**TASK TO CARRY OUT**
Return the data below exactly, minus the pictures.

**DATA BELOW**
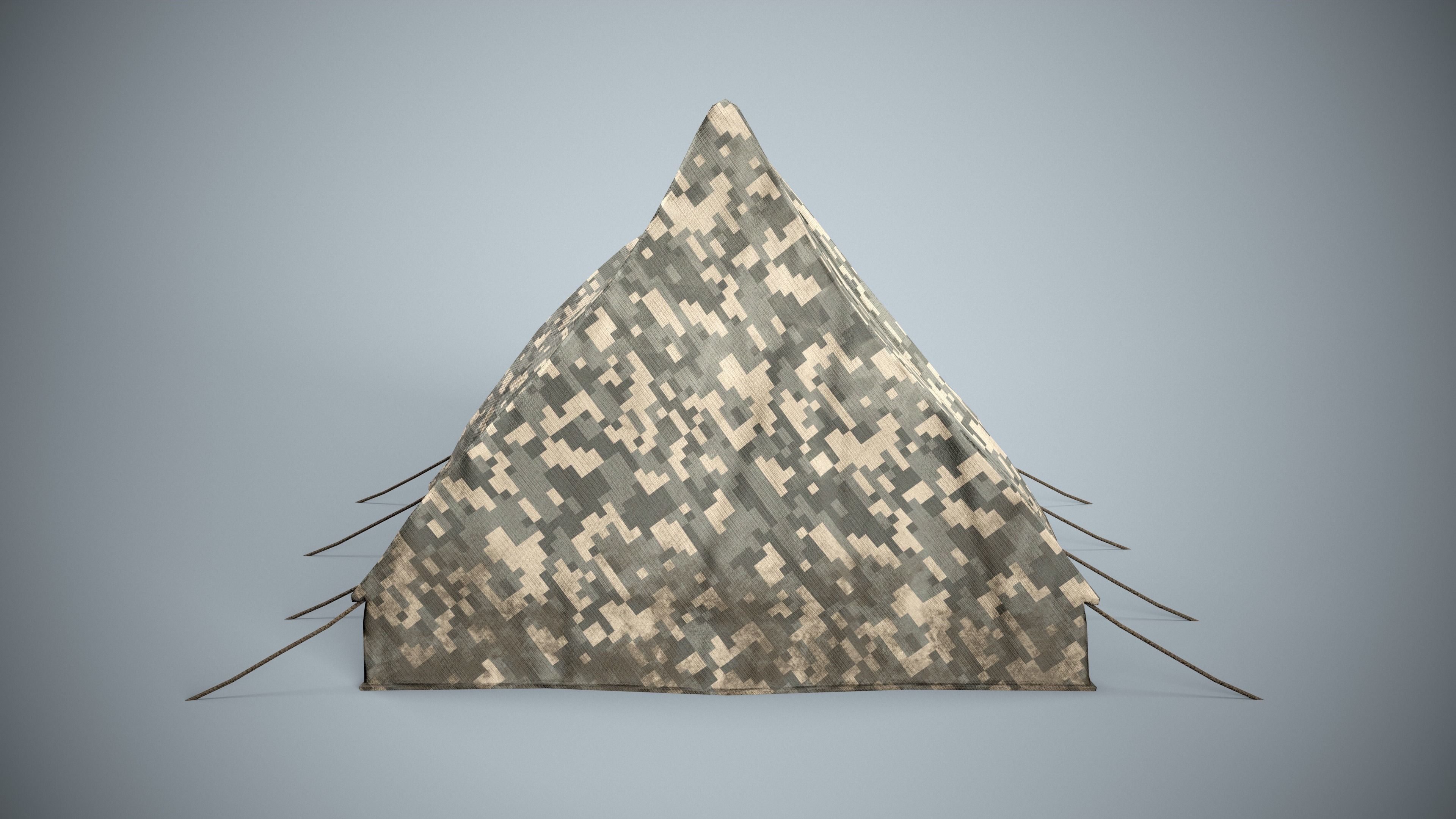Military Camp Tent Low-poly 3D model_5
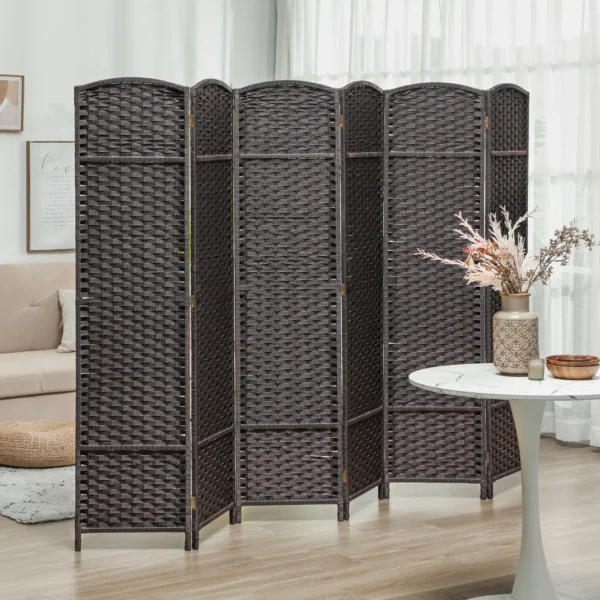 6 delig kamerscherm, opvouwbare privacybescherming, privacywand voor woonkamer, slaapkamer, thuiskantoor, bruin 2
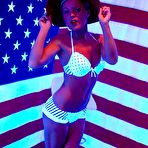 First pic of Perverted chick Meet Madden is posing half naked against the American flag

**RESULT FOR THIS EXERCISE**
Military Camp Tent Low-poly 3D model_5
 6 delig kamerscherm, opvouwbare privacybescherming, privacywand voor woonkamer, slaapkamer, thuiskantoor, bruin 2
 First pic of Perverted chick Meet Madden is posing half naked against the American flag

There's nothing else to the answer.